§ Records excerpted from a collection:

..........

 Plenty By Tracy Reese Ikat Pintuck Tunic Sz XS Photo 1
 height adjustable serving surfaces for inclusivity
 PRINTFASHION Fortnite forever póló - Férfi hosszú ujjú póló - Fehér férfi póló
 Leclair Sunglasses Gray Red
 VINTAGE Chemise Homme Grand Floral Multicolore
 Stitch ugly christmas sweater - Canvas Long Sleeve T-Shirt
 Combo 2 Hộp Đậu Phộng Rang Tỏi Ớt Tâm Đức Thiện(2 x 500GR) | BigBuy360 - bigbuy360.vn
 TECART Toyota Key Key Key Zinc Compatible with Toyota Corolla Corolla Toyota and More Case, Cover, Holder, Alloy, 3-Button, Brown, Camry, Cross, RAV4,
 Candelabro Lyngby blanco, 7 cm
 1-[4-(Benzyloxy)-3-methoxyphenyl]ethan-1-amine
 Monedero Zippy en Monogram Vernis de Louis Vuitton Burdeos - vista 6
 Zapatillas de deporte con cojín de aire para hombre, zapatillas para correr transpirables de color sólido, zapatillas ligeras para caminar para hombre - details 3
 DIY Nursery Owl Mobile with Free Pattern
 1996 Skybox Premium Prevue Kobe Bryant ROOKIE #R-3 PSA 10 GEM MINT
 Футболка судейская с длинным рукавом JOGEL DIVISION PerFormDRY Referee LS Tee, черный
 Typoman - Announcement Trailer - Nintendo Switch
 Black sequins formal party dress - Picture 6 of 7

..........

§ Task directions:
Scan the lines above for "with", then copy every one that has it.

§ Answer for the task:
 TECART Toyota Key Key Key Zinc Compatible with Toyota Corolla Corolla Toyota and More Case, Cover, Holder, Alloy, 3-Button, Brown, Camry, Cross, RAV4,
 DIY Nursery Owl Mobile with Free Pattern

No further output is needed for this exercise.